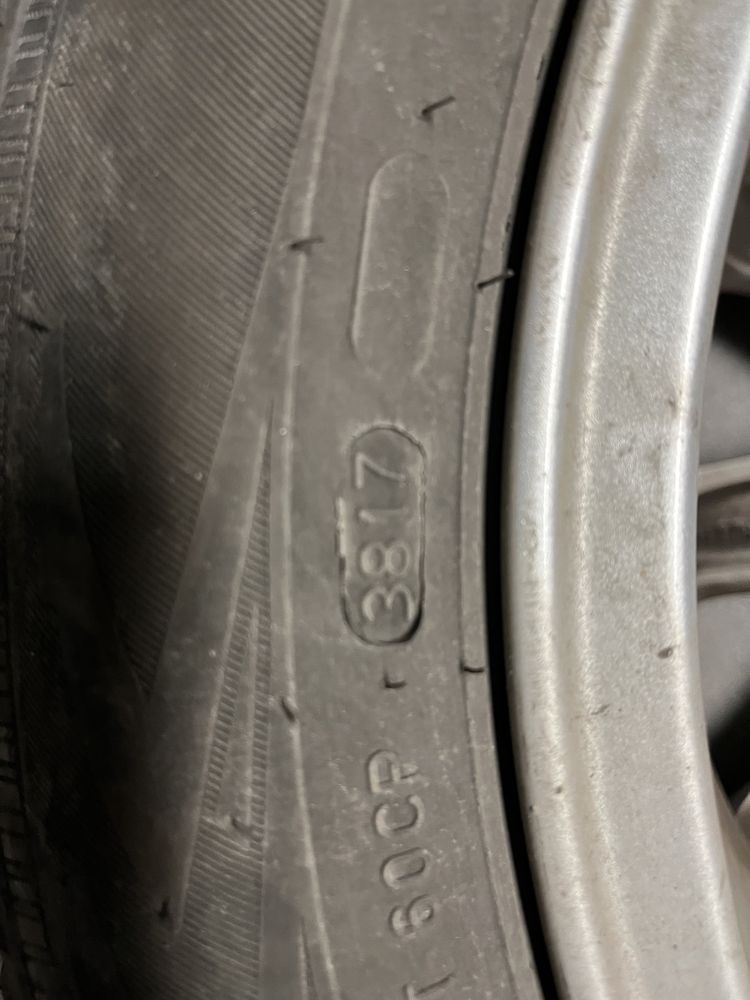 Felgi 16 Oryginalne koła Seat Leon Toledo Ateca z oponami zimowymi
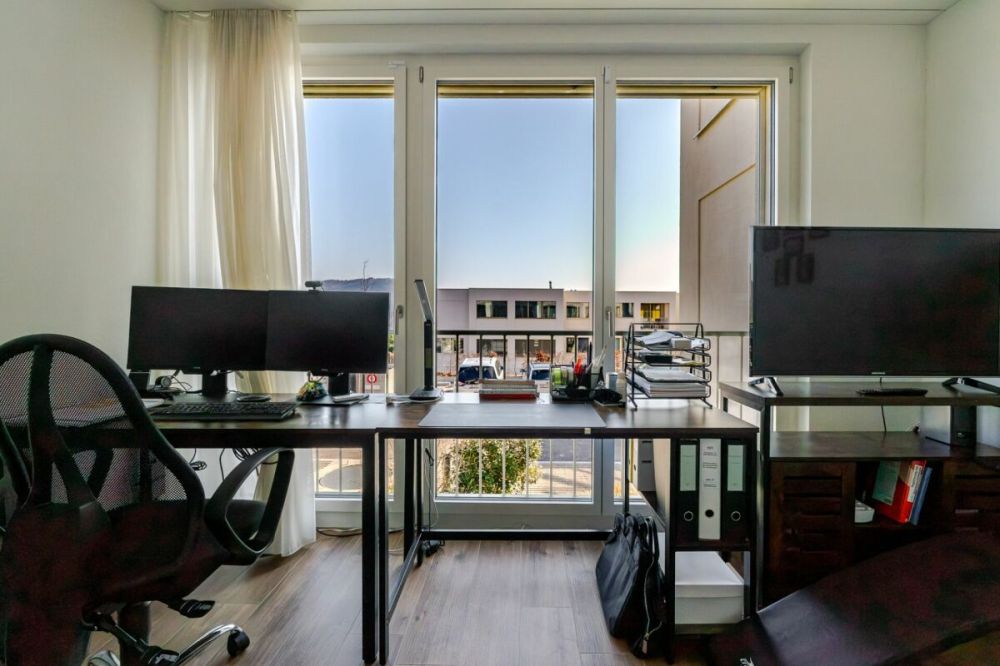 Exklusive 5.5 Z' Maisonette-Wohnung mit verglastem Balkon, Weitsicht und 2 EHP's -  Bild 8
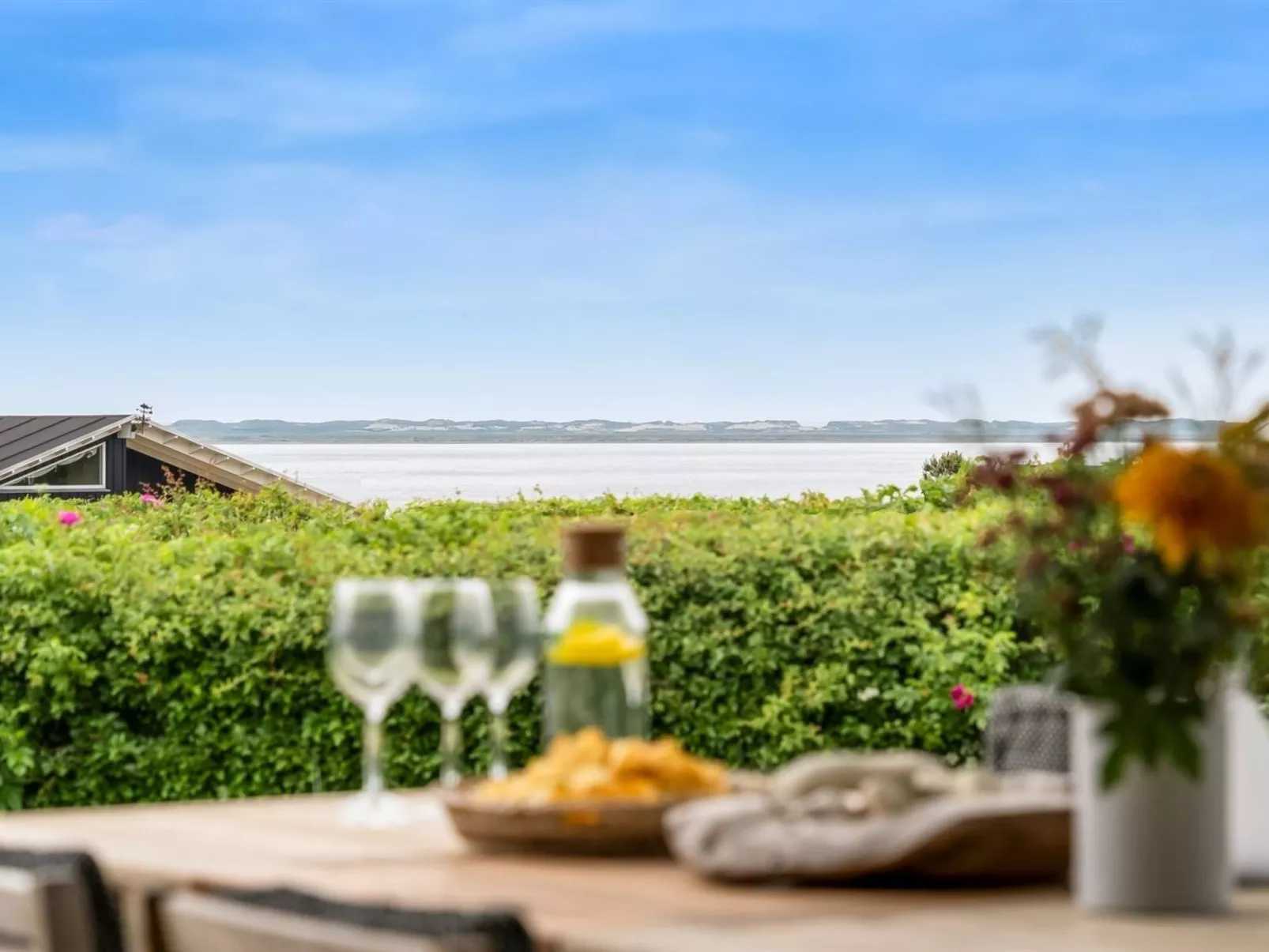 "Gedda" -  from the sea - Buiten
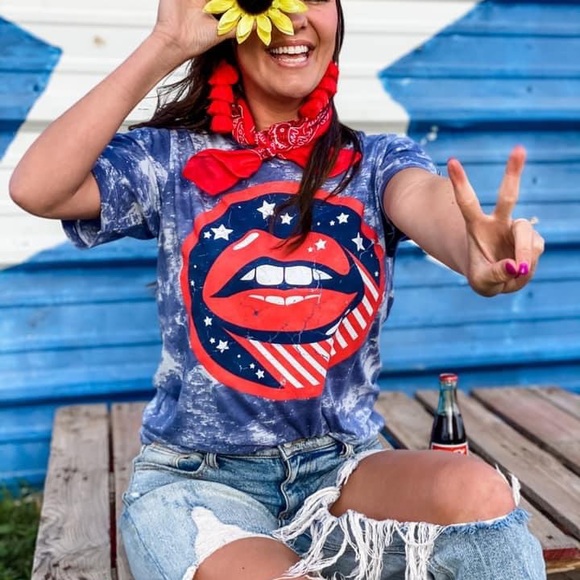 4th of July Tee. Very Good quality! - Picture 2 of 3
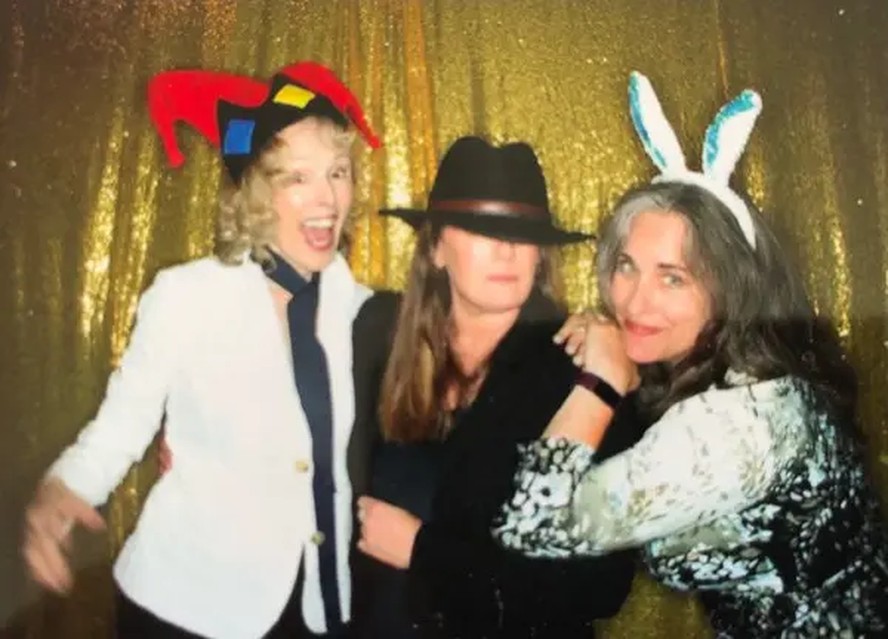 Da direita para a esquerda, E. Jean Carroll, Mary Trump e Jennifer Taub, que estão escrevendo juntas um romance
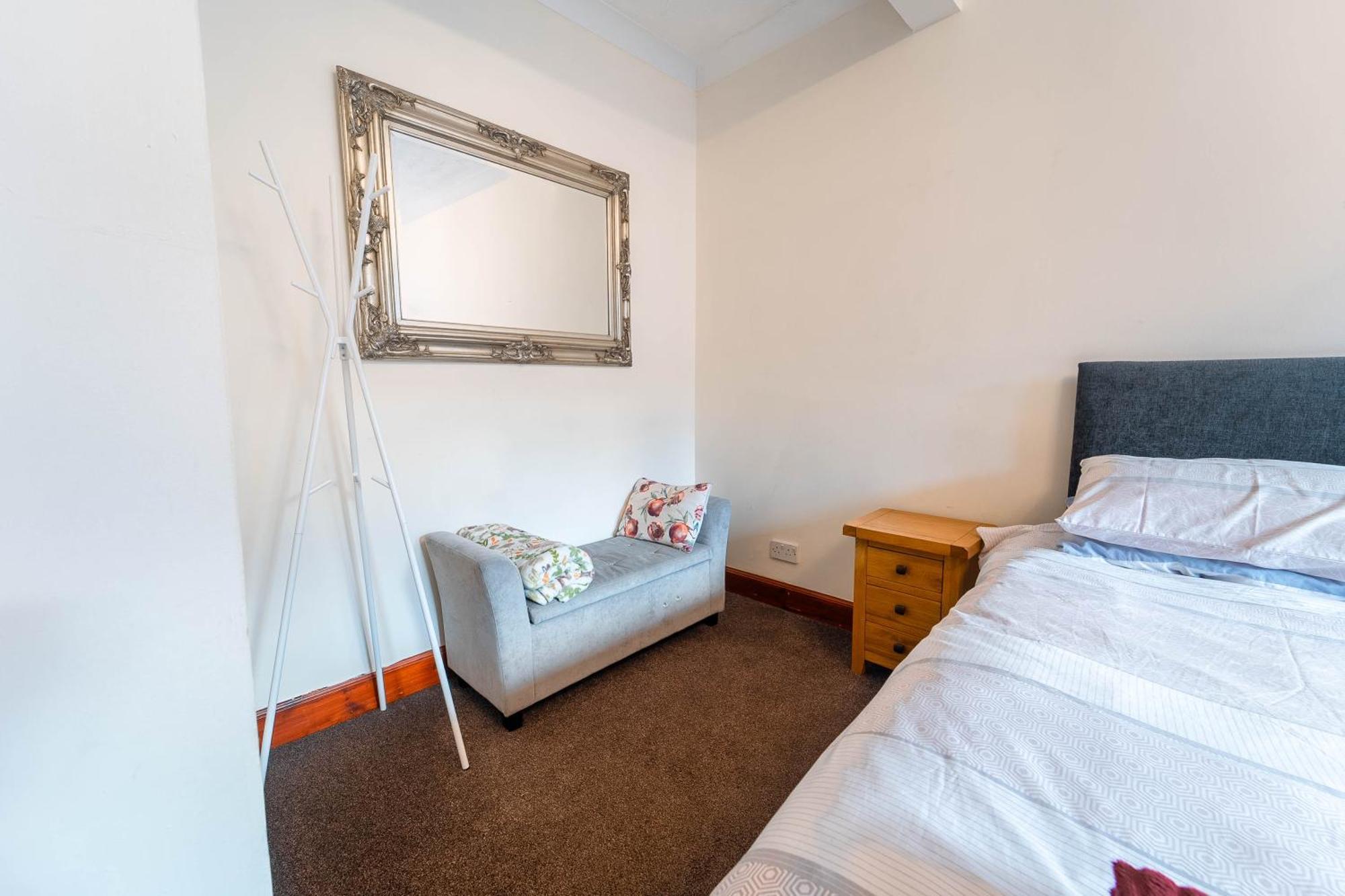 Prime Location Rooms In High Street 威廉堡 外观 照片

--------------------------------------------------

Exactly as they appear above, write out all the entries, without pictures.

 Felgi 16 Oryginalne koła Seat Leon Toledo Ateca z oponami zimowymi
 Exklusive 5.5 Z' Maisonette-Wohnung mit verglastem Balkon, Weitsicht und 2 EHP's -  Bild 8
 "Gedda" -  from the sea - Buiten
 4th of July Tee. Very Good quality! - Picture 2 of 3
 Da direita para a esquerda, E. Jean Carroll, Mary Trump e Jennifer Taub, que estão escrevendo juntas um romance
 Prime Location Rooms In High Street 威廉堡 外观 照片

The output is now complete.